Baca berita dengan sedikit iklan, klik di sini

Pendapat

Saat Pesawat Tempur MiG-17 Menyerang Istana

Kejadiannya sudah sangat lama berlalu. Hari ini, 9 Maret 2020, tepat 60 tahun yg lampau.

10 Maret 2020 | 14.07 WIB

Image of Tempo
Perbesar

Baca berita dengan sedikit iklan, klik di sini

Hari Rabu siang, 9 Maret 1960, saya baru saja selesai sekolah.

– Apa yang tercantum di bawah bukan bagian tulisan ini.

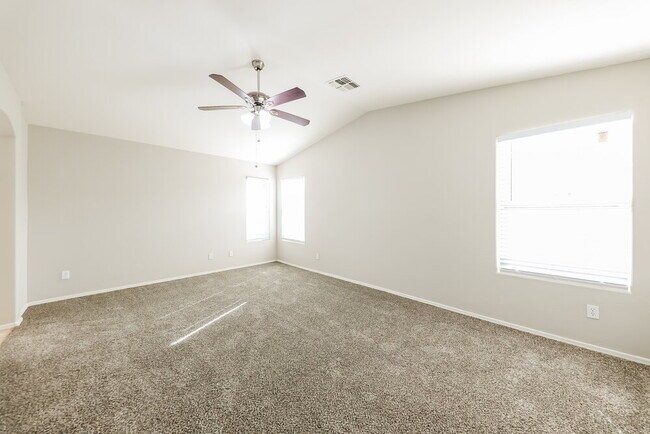 Building Photo - 15189 W Woodlands Ave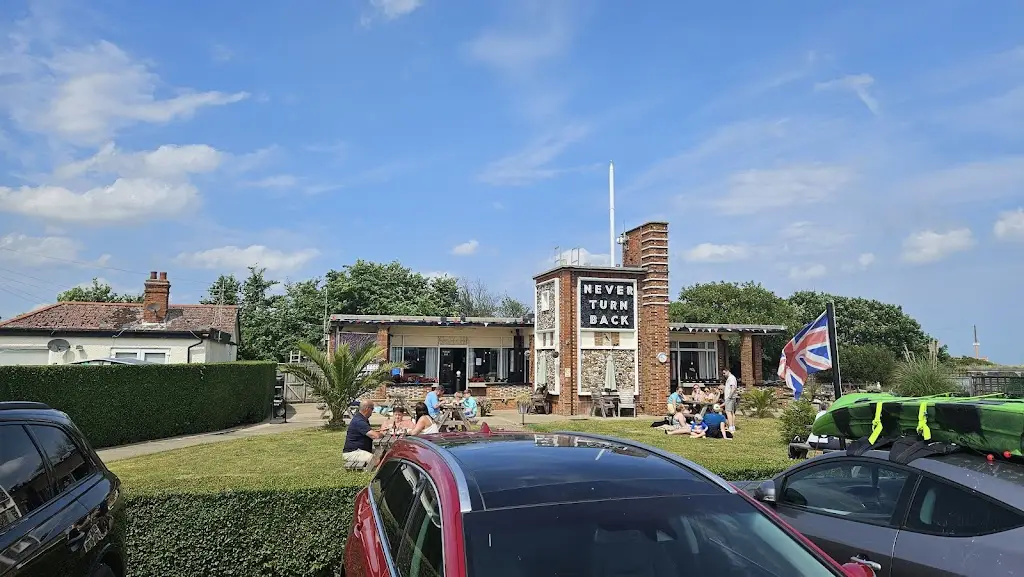 bertie malco_Never Turn Back_Caister-on-Sea_review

Sebagai murid kelas 2 Sekolah Rakyat (sekarang Sekolah Dasar) GIKI, di Jalan Cilamaya, Petojo, Jakarta Pusat, kegiatan belajar selesai pukul 11.00. Cuaca cukup cerah hari itu. Ayah saya menjemput dengan sepeda motor. Di depan sekolah, kami menunggu bubarnya kelas Abang saya yang duduk di kelas 4. Kelas 4 baru akan usai sekitar pukul 12.30.

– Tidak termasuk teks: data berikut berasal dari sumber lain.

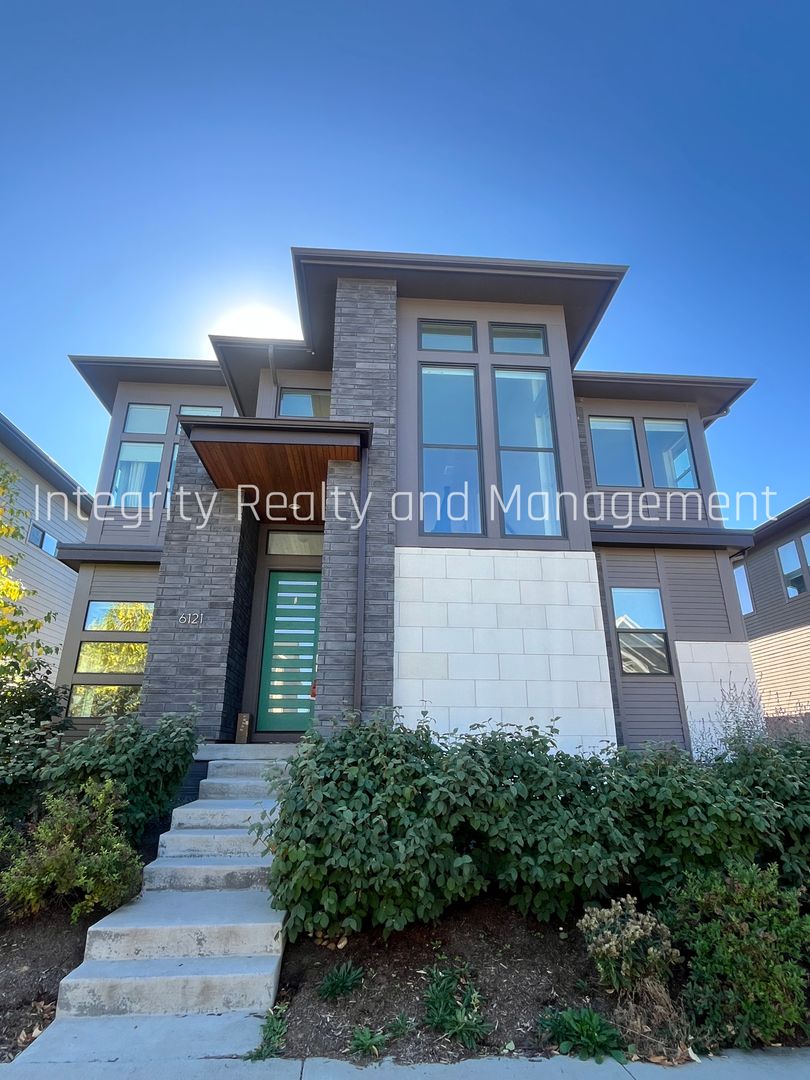 Denver House: 6121 Chester St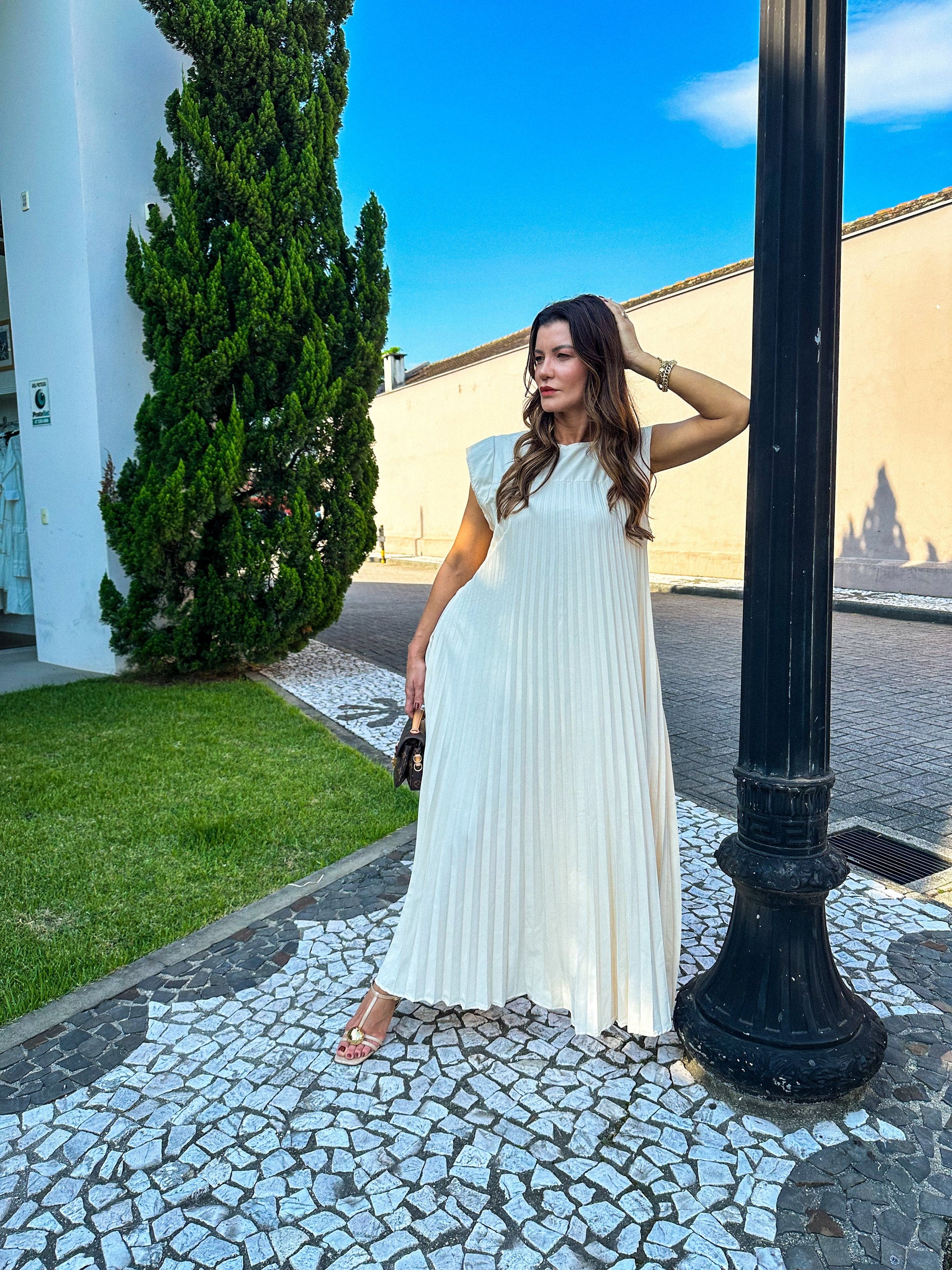 Vestido Longo Plissado Soltinho com Mangas Curtas e Decote – Diana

Kurang lebih pukul 12.00, terdengar dentuman menggelegar, disusul deru suara pesawat jet. Saya dan ayah serentak mendongak ke arah asal dentuman tersebut. Sekejap kemudian sebuah pesawat jet tempur berwarna metalik terlihat melesat menanjak dengan posisi miring ke kiri, dari arah daerah Gambir (dari sebelah kanan tempat saya dan ayah menunggu). Seingat saya, pesawat itu terbang melintas, mungkin di atas sekitar daerah Roxy atau Jalan Biak, Petojo, Jakarta Pusat), lalu melintas di atas banjir kanal Tomang, kemudian tampak menghilang ke arah selatan.

Saya lalu bertanya: "Suara apa itu, Yah?" Ayah saya menjelaskan bahwa itu mungkin dentuman "sonic boom" yang ditimbulkan pesawat jet yang terbang melampaui kecepatan suara (Mach 1.0, sekitar 1.100 km/jam). Ayah saya menambahkan: "Kalau itu tadi MiG-17, maka mungkin dentuman tadi berasal dari pesawat tersebut." Beliau juga menjelaskan dengan ringkas bahwa walau pun belum tergolong pesawat tempur supersonik, saat manuver menukik, MiG-17 mampu mencapai kecepatan melebihi suara. Ayah mengatakan ini mungkin latihan AURI (sekarang TNI AU).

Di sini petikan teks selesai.